I didn't do very well.


----------



## btuser (Oct 27, 2010)

I blew the biofuel/biomass question too.  To me, that's a liqud and ethanol is the right answer.


----------



## precaud (Oct 27, 2010)

I did pretty good, but only because I have an investment in the oil industry (a contrarian play) and have learned a lot about it in the process, and got most of the oil-related ones right. That wood was the largest biofuels source was a surprise. Duh.


----------



## stoveguy2esw (Oct 27, 2010)

the statement in question 2 says that hydropower accounts for 35% of renewable energy  quote Americans used renewable energy sources to meet about 8% of our total energy needs in 2009. Hydropower provided the most energy, followed by wood, biofuels, wind, biomass waste, geothermal, and solar. Hydropower accounted for 35% of renewable energy use.
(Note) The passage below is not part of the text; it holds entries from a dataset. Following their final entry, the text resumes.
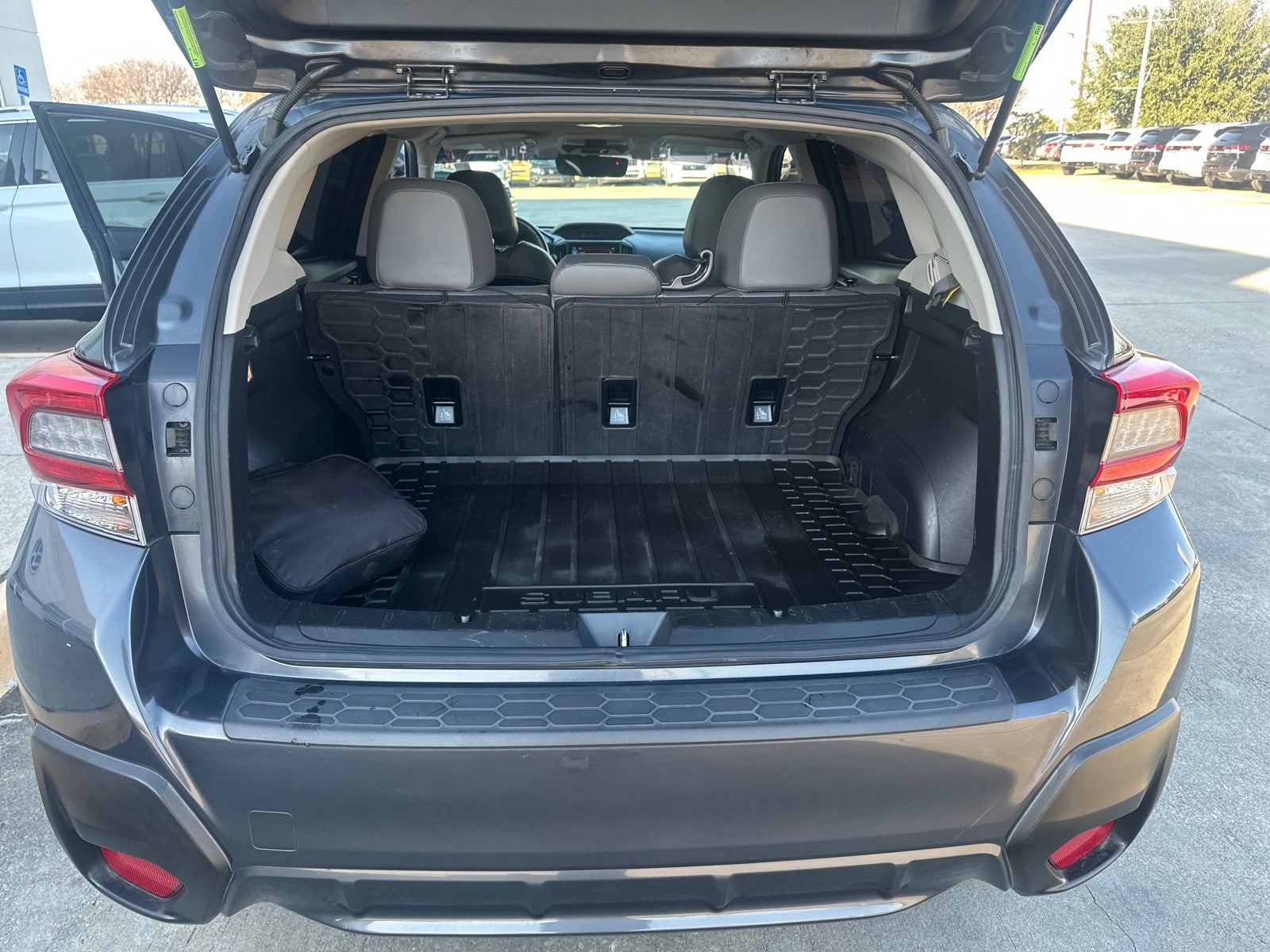 2021 Subaru Crosstrek Sport CVT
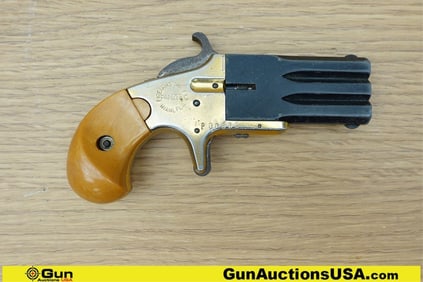 FIREARMS IMP EXP PANZER .22 LR Pistol. Very Good. 2.5" Barrel. Shiny Bore, Tight Action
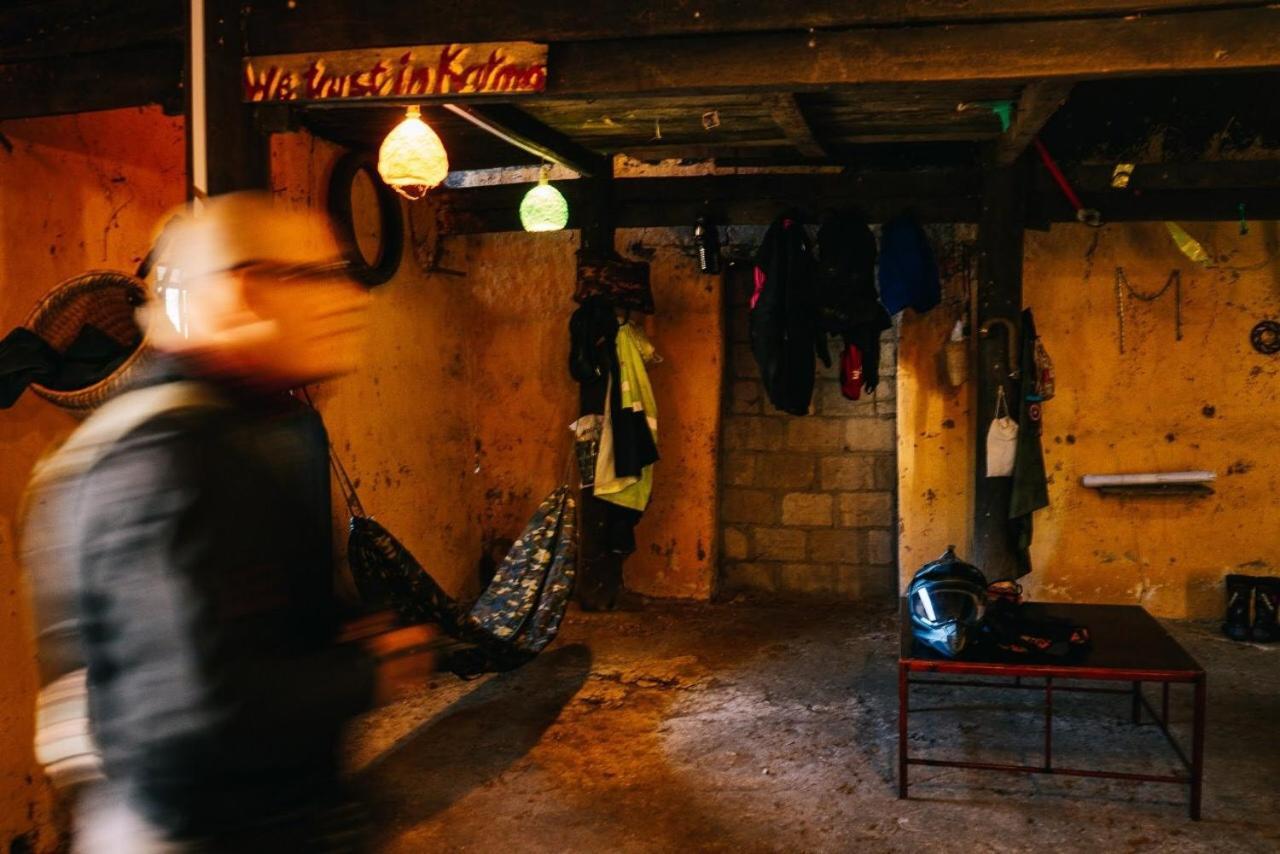 Homie House Thien Huong - Traditional Home ส่งวัน ภายนอก รูปภาพ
yet question 6 states that  half of the "renewable energy " used in the us, last i checked that was 50%  so questions 2 and 6 are contradictory.

other than that i thought it was fun, i was right on 16 out of twenty obviously missing question 2 i went with biomass (confirmed by the 6th question) as well as a couple others that i flat didnt know , good quiz but the site (.gov) needs to rethink their questions


----------



## precaud (Oct 27, 2010)

16 out of 20? You're a pro!


----------



## SolarAndWood (Oct 27, 2010)

I hope we are grading on a curve.  That was humbling.


----------



## Seasoned Oak (Oct 27, 2010)

Got 4 wrong  But some were just best guesses ,some surprises as well,would have to be VEEEEEEEEEEERY smart to get 100% correct.


----------